Prostudujte si tuto pasáž

  
/ 10837  
  

9297. Drie malen in het jaar zal gezien worden alle manlijke tot de aangezichten van de Heer Jehovah; dat dit betekent de aanhoudende verschijning en aanwezigheid van de Heer, ook in de waarheden van het geloof, staat vast uit de betekenis van drie malen in het jaar, namelijk het volledige en aanhoudende, nr. 4495, 9198; uit de betekenis van gezien worden, dus de verschijning en de aanwezigheid, nrs. 4198, 5975, 6893; en uit de betekenis van de manlijke, namelijk het ware van het geloof, nrs. 2046, 7838; en uit de betekenis van de aangezichten, wanneer het Jehovah betreft, dat wil zeggen, de Heer, dus het Goddelijk Goede van de Goddelijke Liefde of de barmhartigheid, nrs. 222, 223, 5585, 7599; en omdat het Goddelijk Goede van de Goddelijke Liefde Jehovah Zelf of de Heer is, wordt daarom met gezien worden tot de aangezichten van de Heer Jehovah, hetzelfde aangeduid als met gezien worden door de Heer; het is ook de Heer Die de mens ziet en Zich bij hem vertoont en hem geeft dat hij Hem ziet, zo ziet dus de mens de Heer niet uit zich, maar uit de Heer bij hem.

Hoe het wordt verstaan dat er een aanhoudende verschijning en aanwezigheid van de Heer is ook in de waarheden van het geloof, zal in het kort worden gezegd; de aanwezigheid van de Heer bij de mens is in het goede bij hem, omdat het goede zijn leven maakt, niet echter het ware, tenzij voor zover het vanuit het goede is; vandaar komt het, zoals eerder in nr. 9296 is gezegd, dat de woning van de Heer is in het goede van de onschuld bij de mens; wanneer dus de mens is wederverwekt, dan is de Heer niet alleen aanwezig in het goede bij hem, maar ook in de waarheden die vanuit het goede zijn, want de waarheden hebben dan het leven uit het goede en zijn het goede in vorm, waardoor de hoedanigheid van het goede kan bemerkt worden.

Het zijn deze waarheden die het nieuwe verstand van de mens maken, dat één maakt met zijn nieuwe wil; want, zoals eerder is gezegd, alle dingen hebben betrekking op het ware en op het goede en het verstand van de mens is bestemd voor de waarheden, maar zijn wil voor het goede, waaruit de waarheden zijn.

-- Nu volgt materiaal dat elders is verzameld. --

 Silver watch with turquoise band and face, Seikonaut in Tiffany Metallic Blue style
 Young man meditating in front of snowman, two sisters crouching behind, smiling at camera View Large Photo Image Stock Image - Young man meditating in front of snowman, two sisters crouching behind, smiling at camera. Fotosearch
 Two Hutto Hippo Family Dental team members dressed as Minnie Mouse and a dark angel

Hieruit blijkt, hoe het moet worden verstaan, dat dan de verschijning en de aanwezigheid van de Heer ook is in de ware dingen van het geloof; dit wordt daarmee aangeduid dat drie malen in het jaar zal gezien worden alle manlijke tot de aangezichten van de Heer Jehovah; vandaar wordt er gezegd dat zal gezien worden de manlijke, omdat met de manlijke het ware van het geloof wordt aangeduid; en daarom wordt er gezegd tot de aangezichten van de Heer Jehovah, omdat met Jehovah het Goddelijk Zijn wordt aangeduid en met de Heer het Goddelijk Bestaan vanuit het Zijn.

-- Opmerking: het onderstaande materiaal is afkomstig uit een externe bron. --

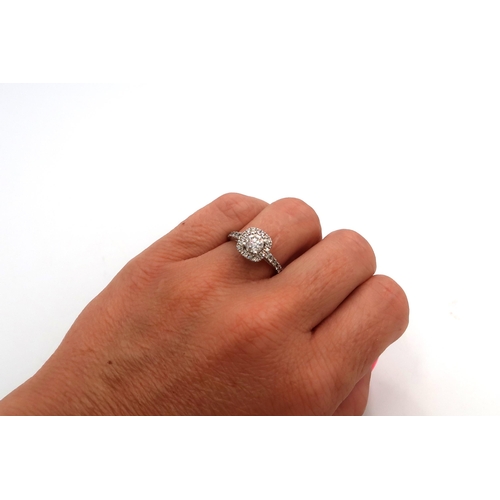 12 - A 14ct Diamond Halo Cluster style ring, with diamond set shoulders. 

Approximate total diamond weig... 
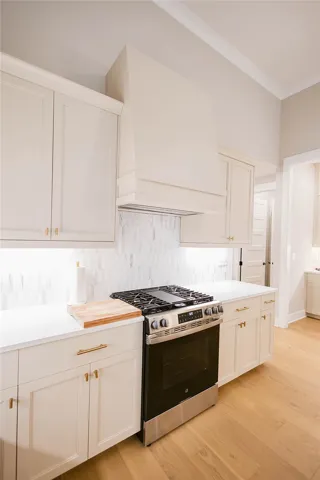 This bright kitchen features sleek appliances, ample counter space, and warm wood flooring.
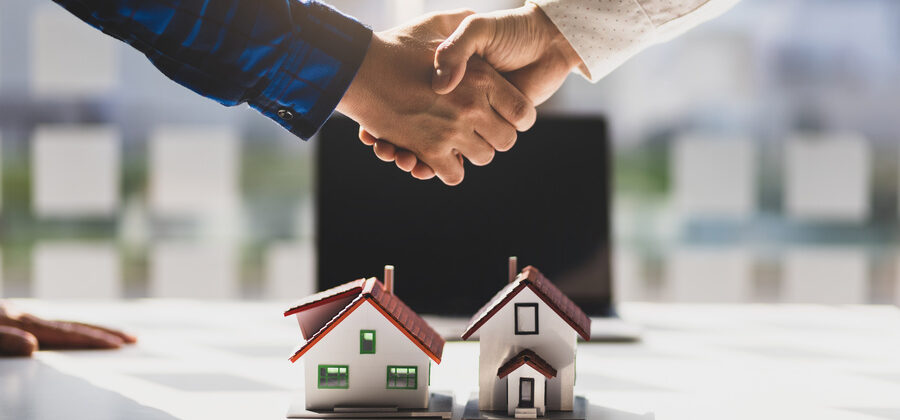 Real estate agents shake hands after the signing of the real estate agreement is complete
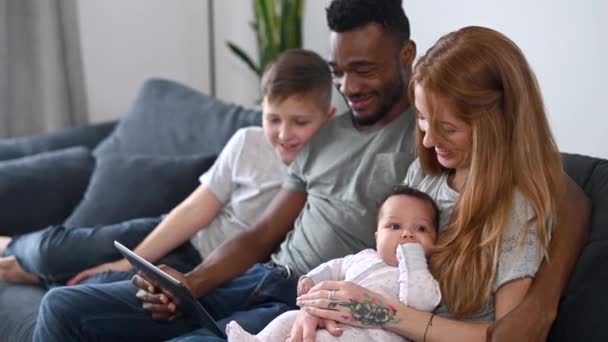 Una familia multirracial feliz de cuatro con una tableta — Vídeos de Stock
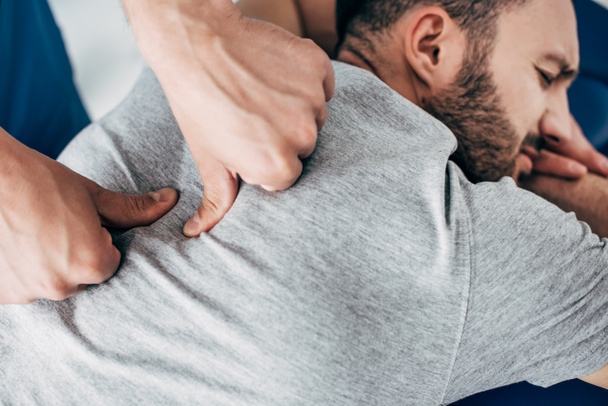 chiropractor massaging back of bearded man in hospital - Photo, Image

Vandaar is het ‘zijn’ bij de mens het goede en is het ‘bestaan’ daaruit het ware.

Het wordt in de Kerk gezegd, dat het geloof is uit de Heer, niet echter het geloof dat is gescheiden van de naastenliefde, want dit geloof is uit het eigene en wordt het overredende geloof genoemd, waarover in de Leer van de Naastenliefde en van het Geloof vóór het begin van het volgende hoofdstuk.

De mens kan weten of het geloof dat bij hem is uit de Heer is ofwel uit hemzelf; wie wordt aangedaan door de waarheden alleen ter wille van de roem van de geleerdheid, opdat hij daardoor rijkdom en eerbewijzen ontvangt en niet ter wille van het goede nut van het leven, die is in het overredende geloof, dat uit hemzelf is en niet uit de Heer.

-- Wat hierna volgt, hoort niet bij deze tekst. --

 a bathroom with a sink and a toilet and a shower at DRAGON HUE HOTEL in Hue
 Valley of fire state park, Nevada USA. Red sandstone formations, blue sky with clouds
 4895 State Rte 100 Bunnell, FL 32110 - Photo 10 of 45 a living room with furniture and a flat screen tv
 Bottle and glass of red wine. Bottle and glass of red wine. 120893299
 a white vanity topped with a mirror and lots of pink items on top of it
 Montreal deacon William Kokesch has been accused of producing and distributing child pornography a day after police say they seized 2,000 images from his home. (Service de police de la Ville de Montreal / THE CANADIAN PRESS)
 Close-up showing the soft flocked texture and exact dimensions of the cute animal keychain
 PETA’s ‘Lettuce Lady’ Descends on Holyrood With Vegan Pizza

Er zijn ook theoretische zaken van het ware van het geloof en er zijn praktische; wie de theoretische beschouwt ter wille van de praktische en die daarin ziet en vanuit de ene en de andere verbonden, het goede nut van het leven en door beide wordt aangedaan ter wille van dit einddoel, die is in het geloof uit de Heer; de oorzaak hiervan is dat het nut van het leven, dat het einddoel is, het goede bij hem is en alle dingen volgens het nut van het leven worden geformeerd; het zijn de waarheden van het geloof waardoor de formering plaatsvindt.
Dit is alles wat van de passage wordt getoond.